Sin embargo, el monopolio de la patente de Eli Lilly sobre el baricitinib en Sudáfrica bloquea la producción y el acceso a estas versiones genéricas de bajo coste en el país, por lo que el precio del baricitinib, proporcionado por Eli Lilly, seguiría siendo prohibitivo en Sudáfrica, a 236 euros 14 días de tratamiento. Además, las licencias que Eli Lilly firmó con empresas de genéricos indias en mayo de 2021 son restrictivas y no abren un suministro asequible de genéricos a Sudáfrica y muchos otros países.

 

La doctora Kirsten Arendse chequea a una paciente antes de darle sus medicamentos contra el HIV para los próximos 4 meses. Khayelitsha, Sudáfrica..

“Es indignante que a las personas en Sudáfrica se les niegue el acceso a tratamientos contra el COVID-19 que salvan vidas, como el baricitinib, debido a las patentes”, subraya el Dr. Tom Ellman, director de nuestra Unidad Médica de África Meridional. “Mientras los países ricos han estado acumulando pruebas, tratamientos y vacunas para la COVID-19, el gobierno sudafricano no ha abordado los problemas de acceso nacional a los medicamentos. Es hora de que el gobierno sudafricano solicite la revocación de la patente otorgada a Eli Lilly sobre el baricitinib para que las versiones genéricas de este medicamento a menor precio estén disponibles para las personas que las necesitan. Sudáfrica necesita reformar su ley de patentes y debe cumplir con los compromisos de examinar de cerca todas las patentes en el futuro para eliminar las barreras que pueden dificultar el acceso a herramientas médicas que salvan vidas”.

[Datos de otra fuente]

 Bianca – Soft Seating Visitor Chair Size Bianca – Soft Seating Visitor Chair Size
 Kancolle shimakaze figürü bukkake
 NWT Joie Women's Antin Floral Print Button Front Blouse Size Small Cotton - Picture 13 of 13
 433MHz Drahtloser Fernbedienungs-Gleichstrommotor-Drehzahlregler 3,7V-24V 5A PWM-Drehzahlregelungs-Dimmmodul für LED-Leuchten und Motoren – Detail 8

Además de las barreras de patentes en los tratamientos de COVID-19, la producción local de vacunas ARNm de COVID-19 puede verse afectada por el hecho de que Sudáfrica ha otorgado a Moderna al menos tres patentes relacionadas con vacunas ARNm. En particular, estas patentes podrían crear riesgos legales de posibles disputas de patentes para las entidades que adquieren tecnologías del Centro de Transferencia de Tecnología de Vacunas de ARNm COVID-19 en Sudáfrica, establecido en colaboración con la OMS. En particular, varias patentes equivalentes en otros países (Australia, Canadá, China, India, Israel, Japón, México, Singapur y Corea del Sur) han sido rechazadas por las oficinas nacionales de patentes o retiradas o abandonadas por Moderna. Moderna anunció en octubre de 2020 que no aplicaría sus patentes relacionadas con las vacunas ARNm de COVID-19 durante la pandemia, pero también creó incertidumbre en ese momento al afirmar que la pandemia podría terminar dentro de un año.

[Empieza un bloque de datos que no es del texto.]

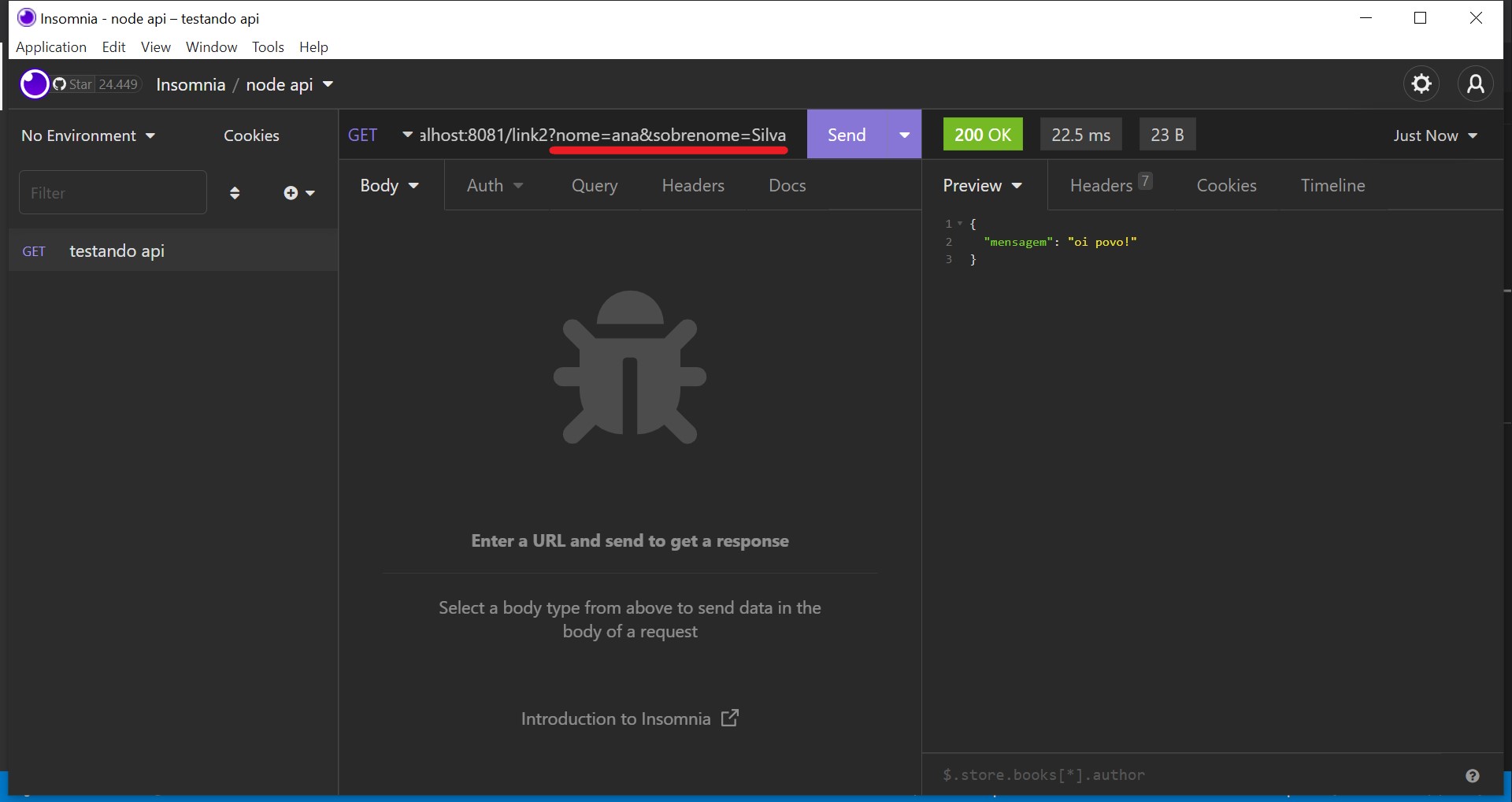 GitHub - jacquelinesantana/NodeJS-introducao: API NodeJS tutorial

“Las patentes otorgadas a Moderna relacionadas con las vacunas ARNm pueden poner en peligro el éxito del Centro de Transferencia de Tecnología de Vacunas de ARNm de la Organización Mundial de la Salud, así como el futuro de la producción de vacunas autosuficientes en Sudáfrica, y deben revocarse de inmediato”, explica Candice Sehoma, asesora de nuestra campaña de Acceso a Medicamentos para Sudáfrica. “Si bien Sudáfrica continúa liderando la histórica propuesta de 'Exención de los ADPIC' en la Organización Mundial del Comercio, el gobierno también debe tomar medidas inmediatas para abordar las barreras de acceso a los medicamentos a nivel nacional y priorizar la reforma de la ley de patentes”.

 

Bhelekazi Mdlalose, trabajadora de terreno de MSF que está trabajando como trazadora de contactos, da una formación sobre el uso de EPIs a  a una enfermera durante un chequeo masivo de COVID-19 en Johannesburgo, Sudáfrica.

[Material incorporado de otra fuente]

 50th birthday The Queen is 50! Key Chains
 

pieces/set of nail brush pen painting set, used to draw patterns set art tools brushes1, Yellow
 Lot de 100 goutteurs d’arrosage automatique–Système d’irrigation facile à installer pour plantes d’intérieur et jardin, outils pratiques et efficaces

La ley de patentes de Sudáfrica tiene varias deficiencias clave, que incluyen exámenes de solicitud de patente débiles y vías limitadas para que las partes interesadas impugnen patentes inmerecidas. Esto ha llevado a la proliferación de patentes inmerecidas de medicamentos y vacunas en el país. Las barreras de patentes pueden evitar la competencia a la baja de precios entre los productores de genéricos y son una preocupación a largo plazo para el acceso a los medicamentos. En respuesta a los esfuerzos de defensa de las organizaciones de la sociedad civil, el gobierno sudafricano se comprometió a impulsar reformas a la ley de patentes en 2013 y adoptó una política de PI revisada en 2018, pero esto solo será efectivo cuando se firmen las revisiones de la ley nacional. Es inaceptable que este proceso continúe retrasándose, especialmente durante una pandemia mundial donde la reforma de la ley de patentes podría fomentar la producción y el suministro local y hacer que las herramientas médicas de COVID-19 sean más accesibles para las personas que las necesitan.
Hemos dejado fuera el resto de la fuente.